One day I burst into tears and told God I knew he had a remnant spread out all over this world. I was on my knees praying and asking if there was a teacher anywhere in this world that God would lead me to him. If there were others anywhere in this world please let me find just one other person. I did have my brother, but I wanted to find the body of Christ.
2 weeks later I was looking for a poem to comfort a friend in grief and stumbled onto BT. The first thing that caught my eye was the free will series. I laughed and cried and couldn't find one lie. Not one in around 120 pages. I was looking for a lie expecting to just walk away as I've done so many times. I could not walk away.
When I read the hell series I was very cautious. At first the only thing that kept me reading was the fact that there was no lie in the free will series. Then I read the explanation of the word "eternal". There is was. The answer to what I saw as a contradiction. The answer that allowed me to finally know that there is no hell. It was the only thing keeping me from believing that all would be saved.
Rays teaching about who Christ is and what the Holy Spirit is was the hardest to accept. I kept reading and studying until I understood it and was able to believe it after much prayer. I was actually physically ill for 2 weeks trying to work through it.
It was a lot to take in. First there was the shock that I finally found others. Then the new truths that I absorbed as fast I could. I was so thirsty and hungry I was like a starving person eating for the first time in 10 years.

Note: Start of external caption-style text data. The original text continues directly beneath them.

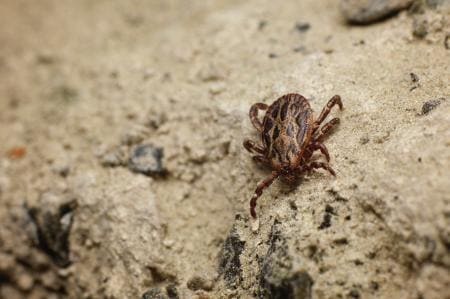 Sie haben einen räuberischen Instinkt und werden von ihrem Blutdurst getrieben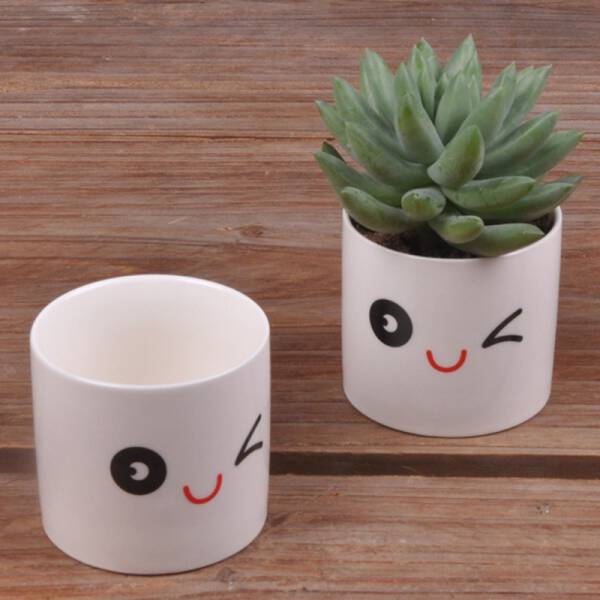 ขาย แก้วกระถางต้นไม้ลายน่ารัก Baew Flower Pot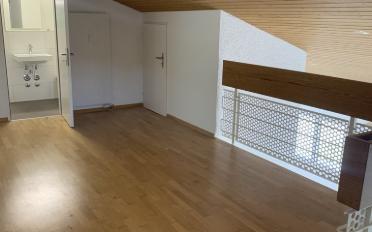Duplex 4.5 rooms - image - 6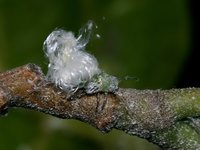 Psylla alni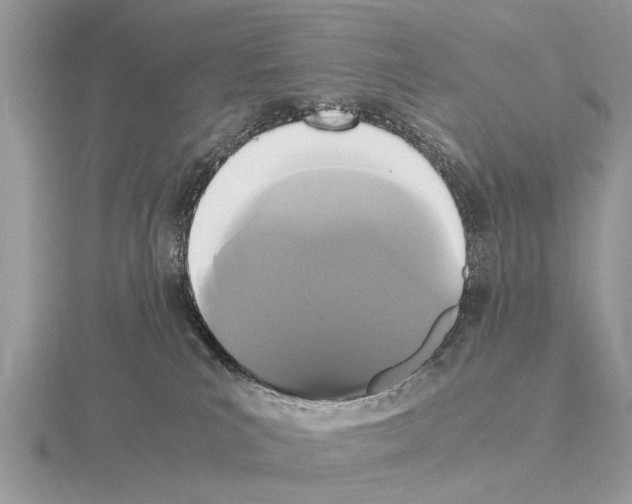 X0000115340039200912141249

I can see how it can appear that some of the wording in posts can seem like a cult, but you have to remember that as far as we know Ray is the only one we've found who is teaching the truth that we believe in. That alone has the appearance of a cult to those who don't believe the same truths. I can imagine that there was the same appearance in the days of the disciples when they were going from town to town teaching the new truths they learned. I'm sure the new believers and followers used the same words about Peter and Paul. I'm sure the unbelievers and religious leaders in that day also believed they were a cult.
John 10:4-6
4And when he putteth forth his own sheep, he goeth before them, and the sheep follow him: for they know his voice.
5And a stranger will they not follow, but will flee from him: for they know not the voice of strangers.

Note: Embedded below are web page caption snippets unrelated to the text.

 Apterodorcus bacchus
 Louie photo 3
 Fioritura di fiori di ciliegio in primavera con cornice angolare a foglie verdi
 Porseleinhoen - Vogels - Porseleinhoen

6This parable spake Jesus unto them: but they understood not what things they were which he spake unto them.
EKnight:
When it comes to the "Hell" doctrine I have no doubts that it does not exist. And when it comes to my family, I rejoice in that knowledge but not when I hear of the mother that microwaved her baby or the soldiers in Congo who are raping women for all to see from the ages of 3 to 80. It is then that I wish there was a fiery hell. I'm sorry but I just can't help myself.